# miniMal (thread closed)



## tim (21 Jun 2015)

hi folks, new project time for me, as you may guess from the uninspired title the tank is an ADA mini M purchased for a bargain price from a member on here (cheers Daniel).
the title also refers to the effort ive put into the setup of this scape so far  hardscape of manzi and landscape rocks I had knocking about, plants have been pillaged from my temporary tanks as im saying bye to them next weekend, anyway couple of pics.




laid a few rocks in to stop substrate slipping, then added in just 1 piece of manzi tied with anchor moss



topped up the substrate, after this filled 2/3 with water and planted up, hooked up all the equipment and off she goes I will get a fully planted pic up when the water has cleared with a plant list but for now ill give the tech specs, 
tank ada mini m
azoo flexi mini led
cristalprofi 700 with gush nano pipe set
co2 jbl reg with welding gas disposable bottle, in tank  fluval diffuser at the minute just waiting for  a few bits from co2 art and ill be hooking up a do aqua 10mm nano diffuser, fauna will be cherry shrimp and my green neon rasbora, that's all for now as always cheers for looking.


----------



## tim (21 Jun 2015)

Planted pic



Plants so far
Monte Carlo, rotala green, anchor moss, hygro pinatidifida, eleocharis parvula, mini type Java fern, and crypt petchii, will probably add more and garden out some plants along the way but hoping to run this till Xmas time when I'll take it down to make space for the tree 
Dosing with tropica specialised every other day and my ei trace mix on alternate days.
Cheers for now.


----------



## stu_ (21 Jun 2015)

Like it.
But buy some clear tubing,you cheapskate........


----------



## tim (21 Jun 2015)

stu_ said:


> Like it.
> But buy some clear tubing,you cheapskate........


 clear co2 hose is on order with a nice glass u bend a new check valve from co2art, but if you mean filter hose, well I am a cheapskate


----------



## Tim Harrison (22 Jun 2015)

Looks great...very nice planting.


----------



## pepedopolous (23 Jun 2015)

Looks great!

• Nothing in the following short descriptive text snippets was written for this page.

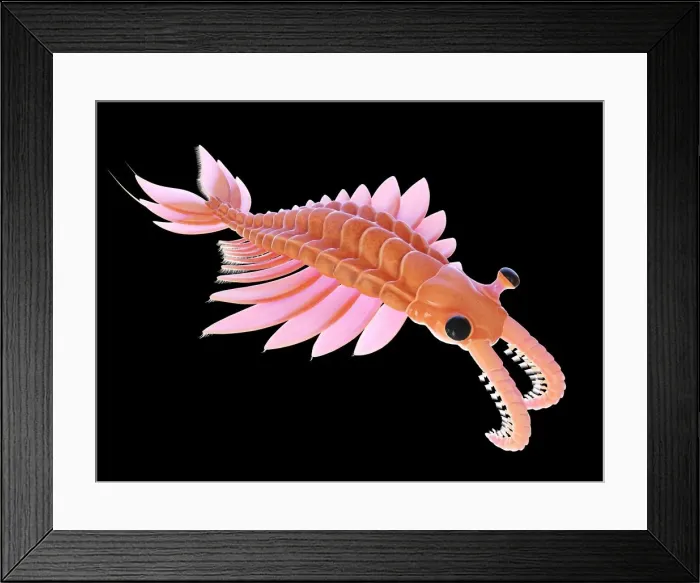Framed Print : Anomalocaris, illustration Framed Print : Anomalocaris, illustration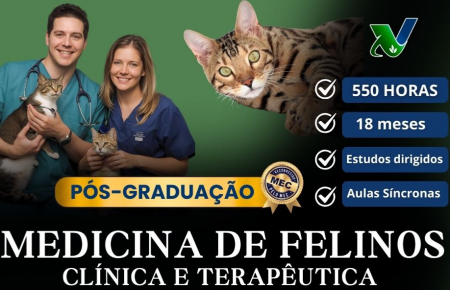 Pós - Graduação em Clínica Médica  de Felinos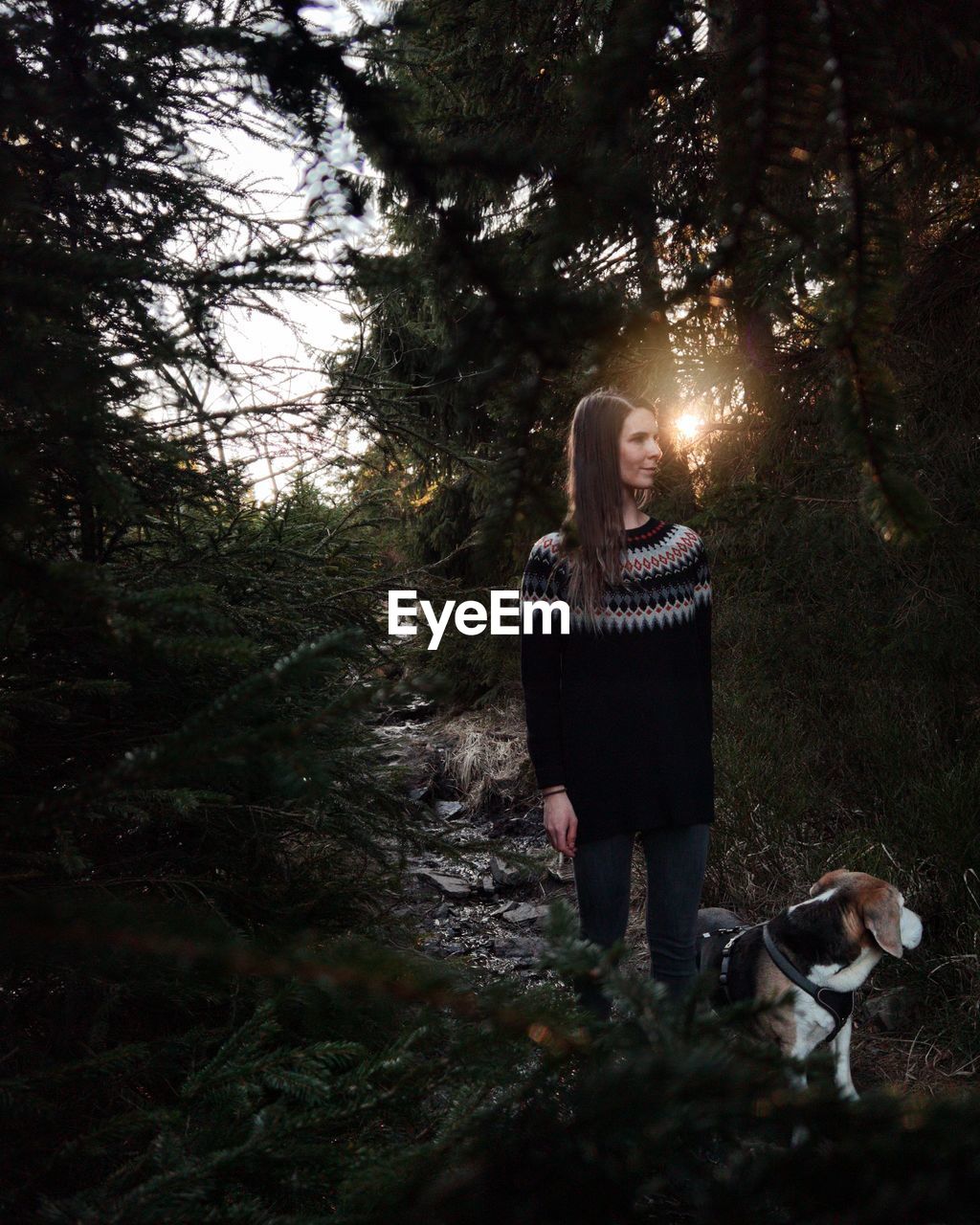 Woman with dog standing amidst trees in forest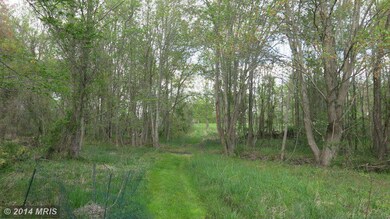 20 Oden Ln, Washington, VA 22747 - photo 3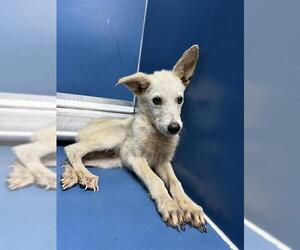 German Shepherd Dog-Unknown Mix Dogs for adoption in Conroe, TX, USA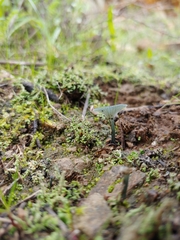 Arrhenia chlorocyanea
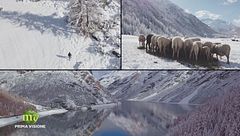 Puntata del 20 novembre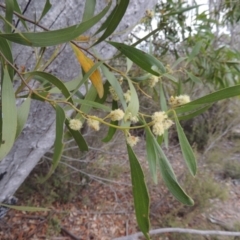 Acacia melanoxylon at Tennent, ACT - 16 Oct 2018 06:57 PM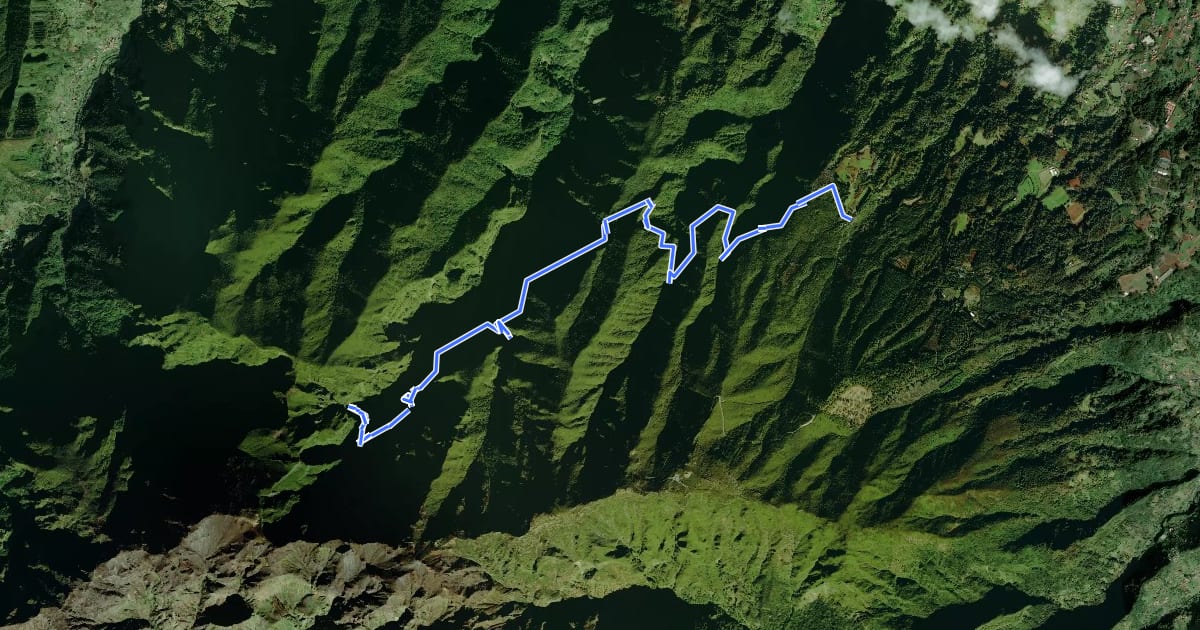 Маршрут PR 9 - Levada do Caldeirão Verde на спутниковом снимке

Do you think the light will be enough for the corners of the tank?

P


----------



## tim (24 Jun 2015)

Troi said:


> Looks great...very nice planting.


Thanks Troi 


pepedopolous said:


> Looks great! Do you think the light will be enough for the corners of the tank?
> 
> P


Thanks P the light seems to spread right to the corners, the LEDs have 120 degree lens not sure if that helps with spread, suppose the plants will tell me over the next couple of weeks.
Cheers for all the likes.


----------



## tim (5 Jul 2015)

Morning folks, couple of weeks in and all is going smoothly so far



Do Aqua diffuser fitted with clear hose and a nice sleek glass u bend from co2 art, should keep stu happy 
Water changes have been every 2 days due to the established filter, added in my green neon rasbora and some cherry shrimp, this addition was followed by diatoms so I'll carry on the waterchange routine for a few more weeks then look to add a few more green neons, plants are growing slowly but steadily, only the pinatidifida struggling at the moment but I'm determined to wait it out and grow the damn plant :lol



Cheers for looking.


----------



## Tim Harrison (5 Jul 2015)

Very accomplished...


----------



## Dantrasy (5 Jul 2015)

Super clean! 

When that moss grows out your scape will be awesome.


----------



## moroland (7 Jul 2015)

fab tank


----------



## tim (12 Jul 2015)

Quick pic pre trim and waterchange later today



Significant growth in 7 days mc needs cutting right back stems will be trimmed, glass is covered in diatoms, will need to stick to twice weekly water changes for a while I think to keep on top of algae, ludwigia turning nice orangey red, so far happy with the light maybe a bit on the strong side but growth so far seems fairly even.


----------



## tim (14 Jul 2015)

After the haircut



Should grow back in a couple of weeks


----------



## tim (26 Jul 2015)

Morning folks few update pics for this one
Found some free fissidens growing in the anchor moss



Stripped the mini Java fern off the dragonstone it was on and attached it to the wood with superglue

while doing the above found a rhizome of mini bolbitus I grabbed from a member on here around 2 years ago the resilience of plants amazes me



monte carlo has grown back thick in just a week



full tank shot


image by timyapp, on Flickr
stems also had another quick trim I will let them hit the top again and start trimming for shape now they are dense enough,
cheers for looking.


----------



## Sentral (2 Aug 2015)

Really like this, great job!


----------



## tim (3 Aug 2015)

Sentral said:


> Really like this, great job!


Thanks sentral, gave the moss its first trim yesterday, Monte Carlo needs cutting back again, I'll try and stick an update pic up this evening.


----------



## tim (7 Aug 2015)

Some updates, Monte Carlo seems to be a bit much for this size tank with co2 2 weeks and mc mayhem



Stems not growing evenly so I've moved the light to the left of the tank to try and encourage even growth



A big trim has revealed lots of bba on the rocks confirming plants will not out compete algae



Good trim and cleaning session later I'm left with this



Need to get this back on track so plan is water change every other day, cut light by an hour and remove bba each water change, happy enough with plant growth rate just need the stems to grow evenly,
Cheers for looking.


----------



## tim (11 Oct 2015)

Evening folks, its been a while so here's a warts and all update as we like em  few algae issues with this one probably down to too much light even though its been stated elsewhere the flexi mini is low- medium light, its still a bit strong for my liking  as the algae set in a little harder than ive experienced before especially in the monte carlo i used a large dose of liquid carbon to try and see it off whilst switching back to inline atomiser for co2 things looked up for a day or two algae dying off easy to remove with toothbrush tweezers, this was then followed by monte carlo complete meltdown.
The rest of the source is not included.